--- Records shown Enclosed Below ---

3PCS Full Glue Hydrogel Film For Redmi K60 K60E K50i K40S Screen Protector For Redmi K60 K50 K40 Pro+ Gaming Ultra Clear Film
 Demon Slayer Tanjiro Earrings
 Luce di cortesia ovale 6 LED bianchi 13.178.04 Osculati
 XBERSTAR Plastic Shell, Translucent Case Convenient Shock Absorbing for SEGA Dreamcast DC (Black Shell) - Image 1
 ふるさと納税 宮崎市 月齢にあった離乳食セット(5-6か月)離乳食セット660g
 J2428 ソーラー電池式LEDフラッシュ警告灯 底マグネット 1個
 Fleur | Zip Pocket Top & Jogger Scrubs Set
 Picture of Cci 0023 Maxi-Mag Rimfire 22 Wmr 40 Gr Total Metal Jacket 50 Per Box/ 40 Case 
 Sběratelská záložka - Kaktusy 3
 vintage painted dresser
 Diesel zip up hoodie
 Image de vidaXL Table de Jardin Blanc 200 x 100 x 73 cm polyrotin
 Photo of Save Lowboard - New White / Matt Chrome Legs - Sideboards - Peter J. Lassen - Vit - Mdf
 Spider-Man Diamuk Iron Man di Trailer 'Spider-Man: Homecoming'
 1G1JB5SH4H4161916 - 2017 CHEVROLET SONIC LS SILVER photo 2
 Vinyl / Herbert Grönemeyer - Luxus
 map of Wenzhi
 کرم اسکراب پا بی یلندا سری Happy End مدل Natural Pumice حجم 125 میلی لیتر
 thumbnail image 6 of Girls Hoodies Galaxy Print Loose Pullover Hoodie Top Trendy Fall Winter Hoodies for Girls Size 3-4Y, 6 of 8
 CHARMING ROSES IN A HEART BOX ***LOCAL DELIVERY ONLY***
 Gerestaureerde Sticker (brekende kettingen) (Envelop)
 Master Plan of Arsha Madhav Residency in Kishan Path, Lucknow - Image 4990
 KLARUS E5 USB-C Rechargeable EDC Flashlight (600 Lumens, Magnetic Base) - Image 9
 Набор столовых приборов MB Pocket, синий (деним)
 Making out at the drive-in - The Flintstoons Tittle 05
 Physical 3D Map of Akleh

--- End of Enclosed Records shown ---

**Brief**
All of the records above are to be printed again exactly as they appear.

**Answer**
3PCS Full Glue Hydrogel Film For Redmi K60 K60E K50i K40S Screen Protector For Redmi K60 K50 K40 Pro+ Gaming Ultra Clear Film
 Demon Slayer Tanjiro Earrings
 Luce di cortesia ovale 6 LED bianchi 13.178.04 Osculati
 XBERSTAR Plastic Shell, Translucent Case Convenient Shock Absorbing for SEGA Dreamcast DC (Black Shell) - Image 1
 ふるさと納税 宮崎市 月齢にあった離乳食セット(5-6か月)離乳食セット660g
 J2428 ソーラー電池式LEDフラッシュ警告灯 底マグネット 1個
 Fleur | Zip Pocket Top & Jogger Scrubs Set
 Picture of Cci 0023 Maxi-Mag Rimfire 22 Wmr 40 Gr Total Metal Jacket 50 Per Box/ 40 Case 
 Sběratelská záložka - Kaktusy 3
 vintage painted dresser
 Diesel zip up hoodie
 Image de vidaXL Table de Jardin Blanc 200 x 100 x 73 cm polyrotin
 Photo of Save Lowboard - New White / Matt Chrome Legs - Sideboards - Peter J. Lassen - Vit - Mdf
 Spider-Man Diamuk Iron Man di Trailer 'Spider-Man: Homecoming'
 1G1JB5SH4H4161916 - 2017 CHEVROLET SONIC LS SILVER photo 2
 Vinyl / Herbert Grönemeyer - Luxus
 map of Wenzhi
 کرم اسکراب پا بی یلندا سری Happy End مدل Natural Pumice حجم 125 میلی لیتر
 thumbnail image 6 of Girls Hoodies Galaxy Print Loose Pullover Hoodie Top Trendy Fall Winter Hoodies for Girls Size 3-4Y, 6 of 8
 CHARMING ROSES IN A HEART BOX ***LOCAL DELIVERY ONLY***
 Gerestaureerde Sticker (brekende kettingen) (Envelop)
 Master Plan of Arsha Madhav Residency in Kishan Path, Lucknow - Image 4990
 KLARUS E5 USB-C Rechargeable EDC Flashlight (600 Lumens, Magnetic Base) - Image 9
 Набор столовых приборов MB Pocket, синий (деним)
 Making out at the drive-in - The Flintstoons Tittle 05
 Physical 3D Map of Akleh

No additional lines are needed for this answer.